_How to complete this task_: Transcribe all data verbatim. Skip the pictures.

_Dataset excerpt_:

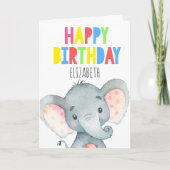 Personalisiert Elephant Niedlich Girl Happy Birthd Karte (Vorderseite)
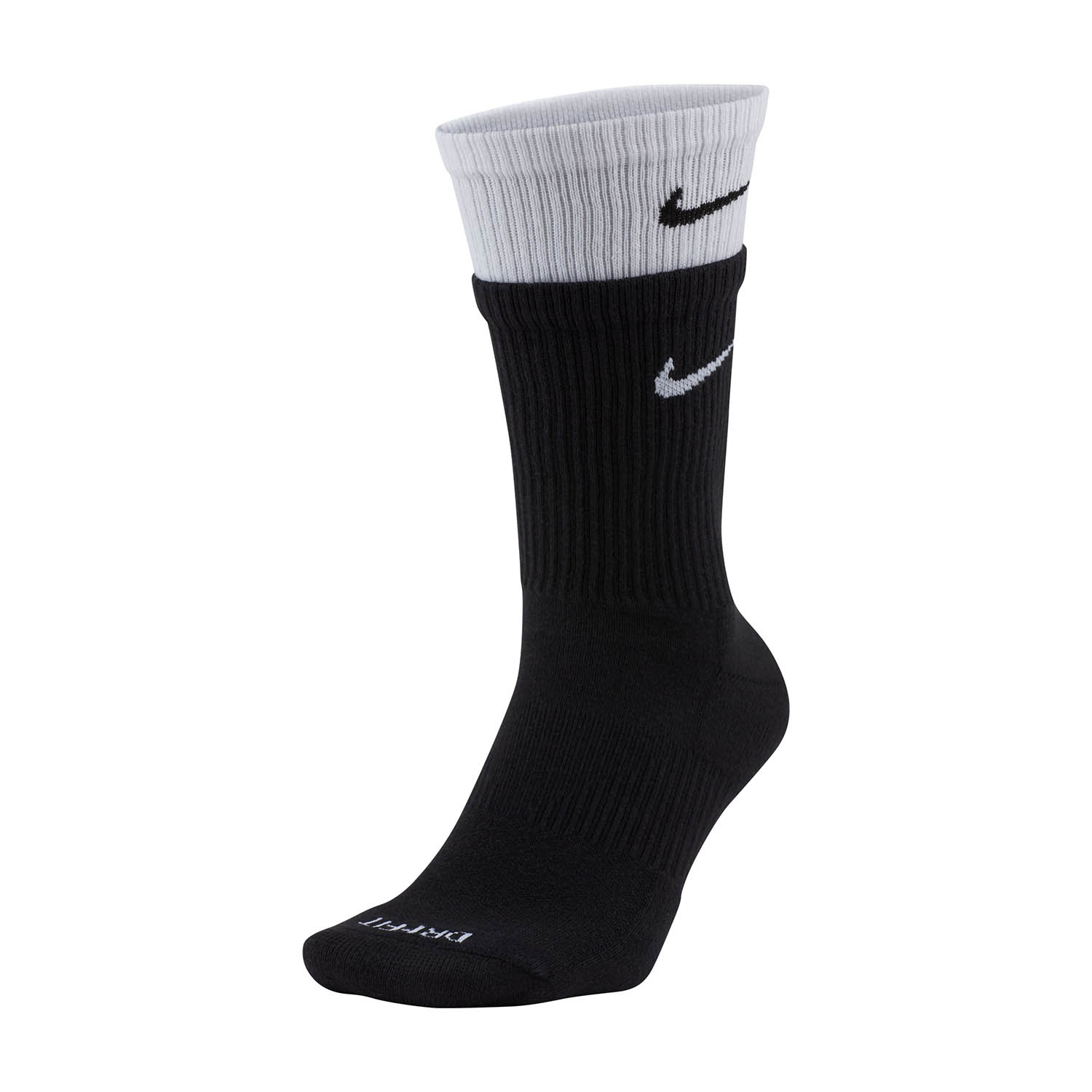 Nike Everyday Plus Cushioned Calcetines - Black/White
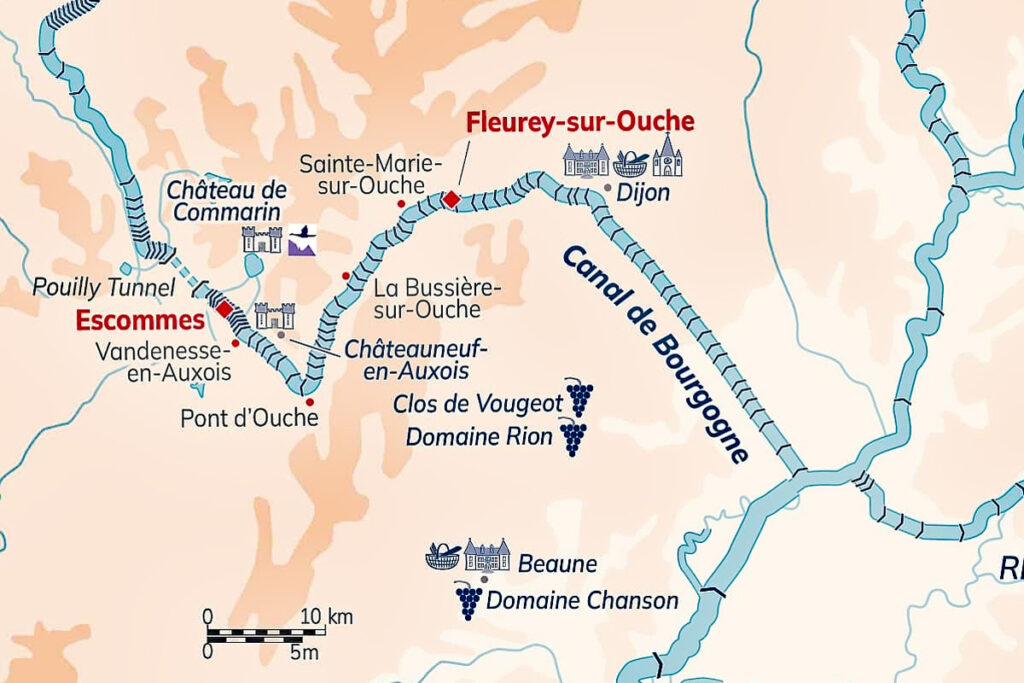 Map - Canal de Bourgogne -Barge l'Impressionniste's Golf Cruise itinerary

_Response below_:
 Personalisiert Elephant Niedlich Girl Happy Birthd Karte (Vorderseite)
 Nike Everyday Plus Cushioned Calcetines - Black/White
 Map - Canal de Bourgogne -Barge l'Impressionniste's Golf Cruise itinerary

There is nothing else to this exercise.